37 Mr Abawi gave similar responses to the same type of questions during an interview that was conducted by Mr Hallahan, one month later and 5 months after the alleged fasification, on 6 December 2001. That is, he continued to maintain that the passenger, Ms Rex, did travel from the City to Parramatta on the day alleged on the credit card voucher and that he did not put the number “4” in front of the “6.10”. He also stated that

          “to write a docket, a receipt, you know, that’s her $46 whatever, that’s her writing you know that one.
          … And I wont let people you know to come and just um with a signature you know, I always make them put the amount there you know.”

38 On 22 March 2002, almost 4 months later, in response to the Director-General’s notice to show cause, Mr Abawi’s solicitors, Sayan & Associates, provided the following response in respect of the alleged falsification of the credit card voucher:

      “Our client advises that he did receive three passengers on this date who travelled from Kent Street to Bathurst Street, Sydney.

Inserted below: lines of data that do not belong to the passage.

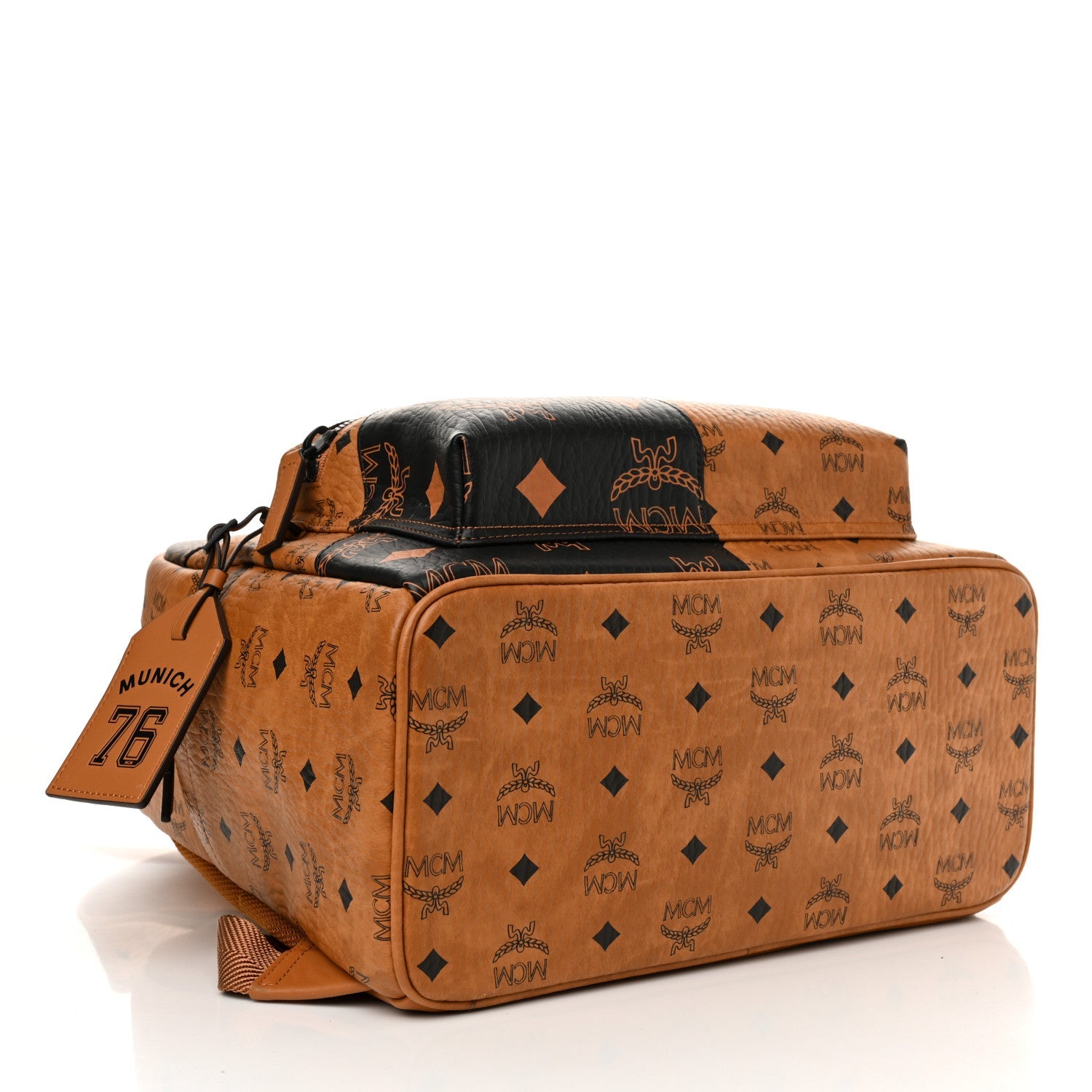 Visetos Mix Munich 76 Medium Stark Backpack Cognac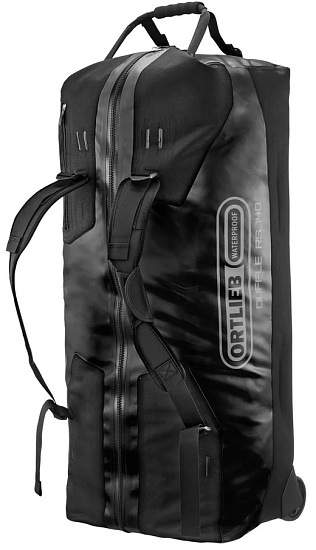 Баул Ortlieb Duffle RS 140 Black - Фото 4 большая
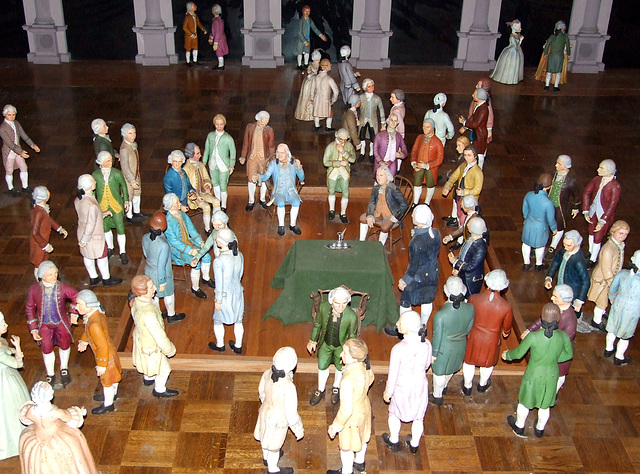 Franklin's World Stage Diorama in Philadelphia, August 2009
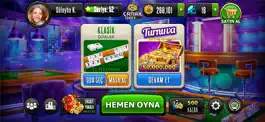 Game screenshot Çanak Okey Plus hack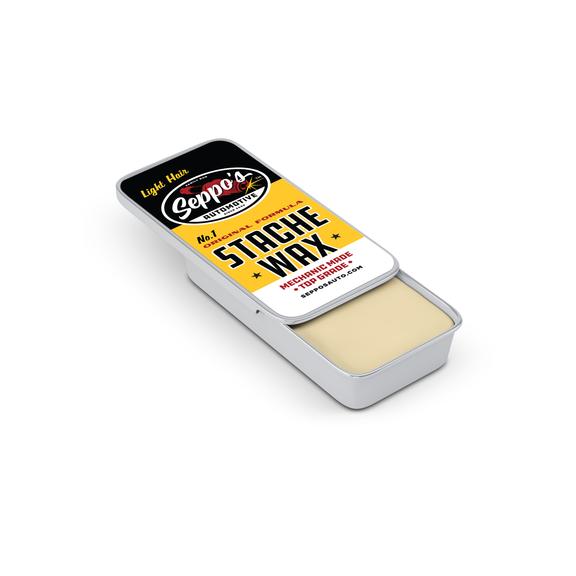 STACHE WAX - LIGHT HAIR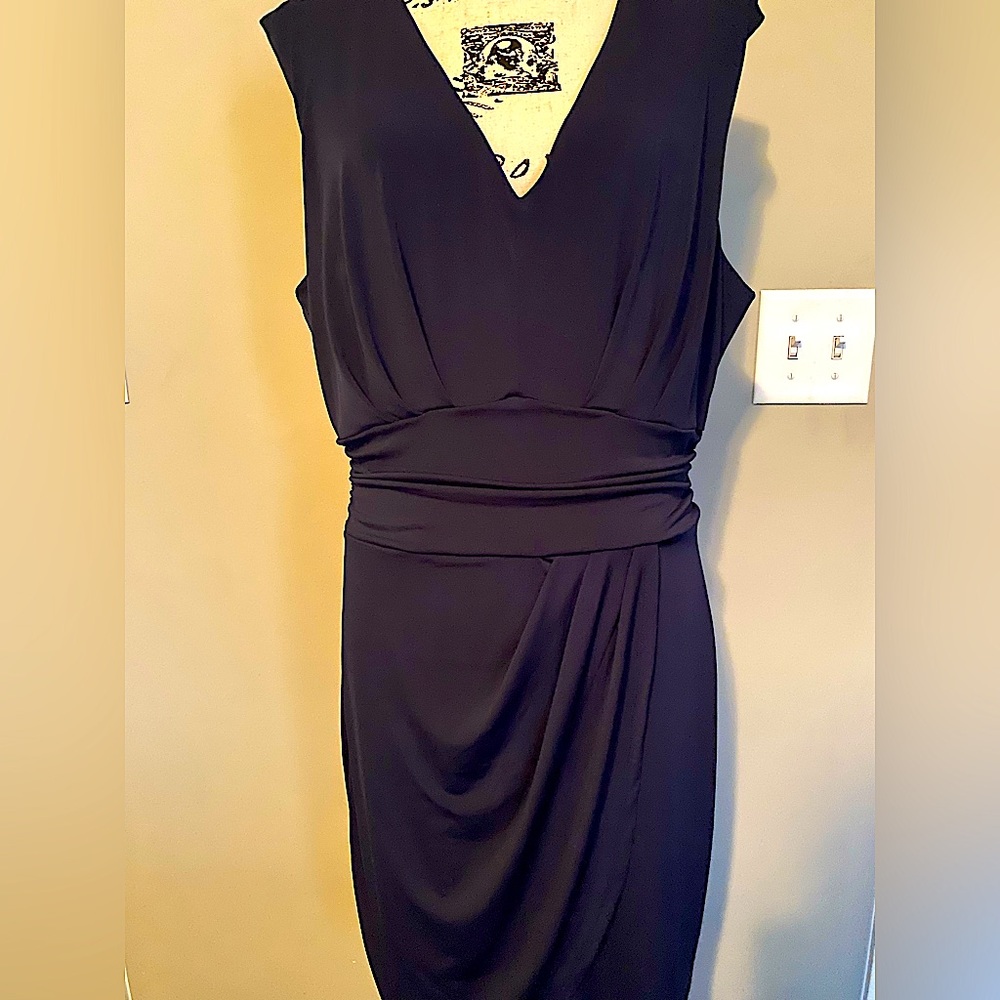 Blue Sleeveless Dree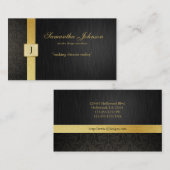 Berufliche elegante Damast-Geschäfts-Karten Visitenkarte (Vorne/Hinten)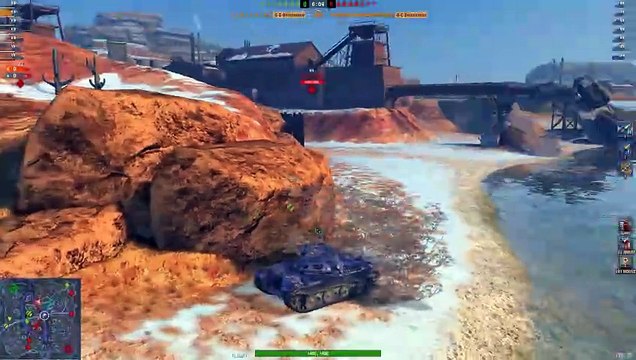 Расейняй (8-й уровень) WoT Blitz B-C Bourrasque 30/06/2024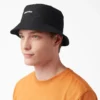 Script Logo Canvas Bucket Hat Script Logo Canvas Bucket Hat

The passengers were in a hurry to exit the taxi and simply presented an American Express card to the driver. The driver did not at the time complete the amount to be charged as he was in city traffic. The amount to be charged on the payment slip was left blank.
      On or about the day of the complainant’s fare, our client received another fare with three passengers from George Street to Sussex Street, Sydney. Two of the passengers disembarked at Sussex Street and the driver was instructed to continue the journey with the third passenger to the King School in Parramatta. This fare was $46.10.
      Our client did not attend to the American Express slip until he was due to submit his slips to Premier Network Base. This is done on a weekly basis. Upon submitting these slips our client noticed the American Express slip did not have an amount on it.
      Our client did remember that the American Express slip was from a fare that involved three passengers and when he was required to submit the slip to base he has correctly recalled that the American Express slip was submitted by the three passengers whose journey finished at the King School, Parramatta. He had inadvertently mixed up the fares and had entered the fare charged to the three passengers from King School onto the slip signed by the complainant”.

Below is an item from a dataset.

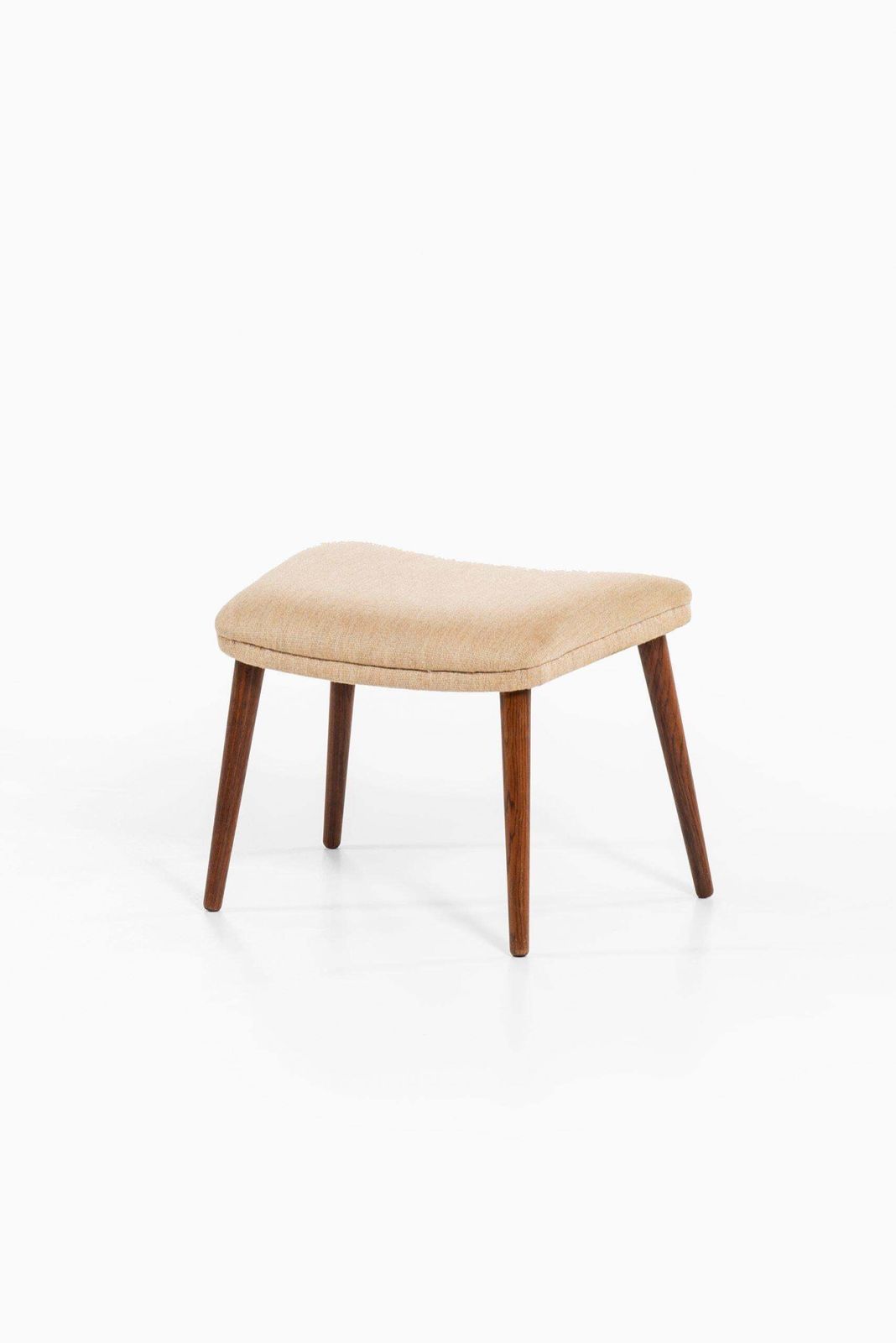 Illum Wikkelsø Stool Model 91 Produced By Michael Laursen In Aarhus, Denmark photo furniture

39 In his statement dated 29 November 2002, and in his oral evidence on that day, Mr Abawi confirmed the version of events as contained in the letter of his solicitors dated 22 March 2002. He again denied having inserted the “4” in front of the “6.10” and stated that the whole amount of “46.10” was in his hand writing and inserted by him. He also went on to state that he did not recollect the amount of the fare for Ms Rex’s trip and that neither did Ms Rex. It was his contention that she had just assumed that it was “6.10”. He then stated:

      “When I was reconciling my accounts I confused the MBF docket with the Kings School docket. I mistook the MBF docket for the Kings School docket. I inserted all the handwritten details contained on the face of the MBF docket, that is all but the signature. At that time of doing this I did not recall taking the women from the conference. I genuinely believed that the MBF docket represented the fare from the City to Parramatta for $46.10.

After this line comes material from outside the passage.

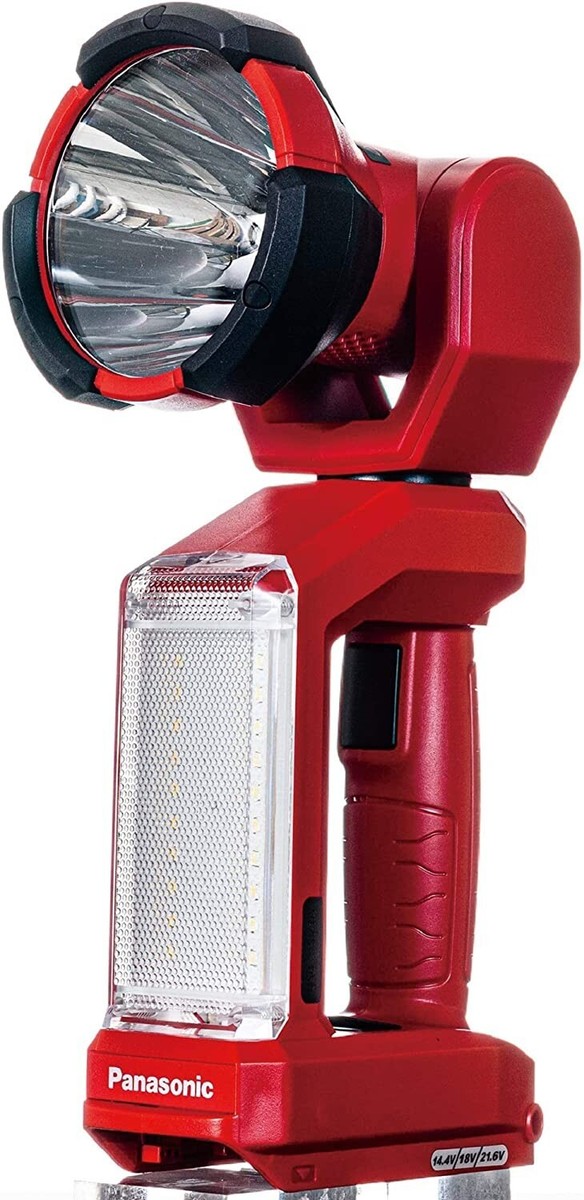 PANASONIC EZ37C6X-R 14.4V/18V/21.6V CORDLESS LED WORK LIGHT PANASONIC EZ37C6X-R 14.4V/18V/21.6V CORDLESS LED WORK LIGHT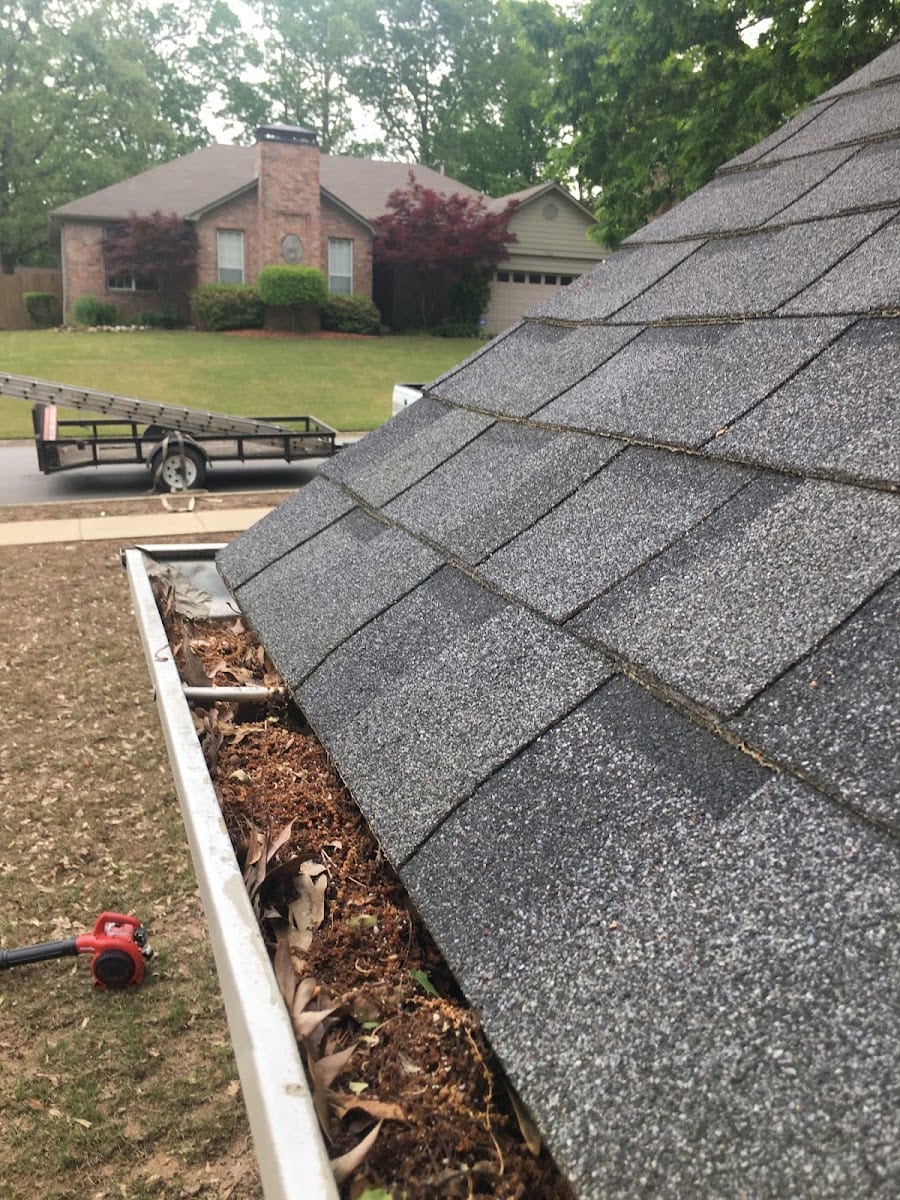 Little Rock Gutter Cleaning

40 In giving his oral evidence, Mr Abawi explained that in March 2002 his wife reminded him that he had confused the two vouchers. It was a result of this reminder that he recollected what had happened and advised his solicitors accordingly. He also stated that at this time he recollected that, in July 2001, when he was reconciling his credit card vouchers he could not find a credit card voucher for the Parramatta trip and had mistakenly duplicated the details on the Ms Rex’s voucher. He also stated that he keeps a record of trips that he does and which are paid for by the passenger by credit card.

41 The Tribunal found Ms Rex to be a truthful and forthright witness. She was in Sydney for a conference and there was no basis for suggesting that she was not telling the truth. From the material contained in the Department’s file she has appeared to acted almost immediately after she received her American Express statement and requested a copy of the relevant voucher and then complained to the Department.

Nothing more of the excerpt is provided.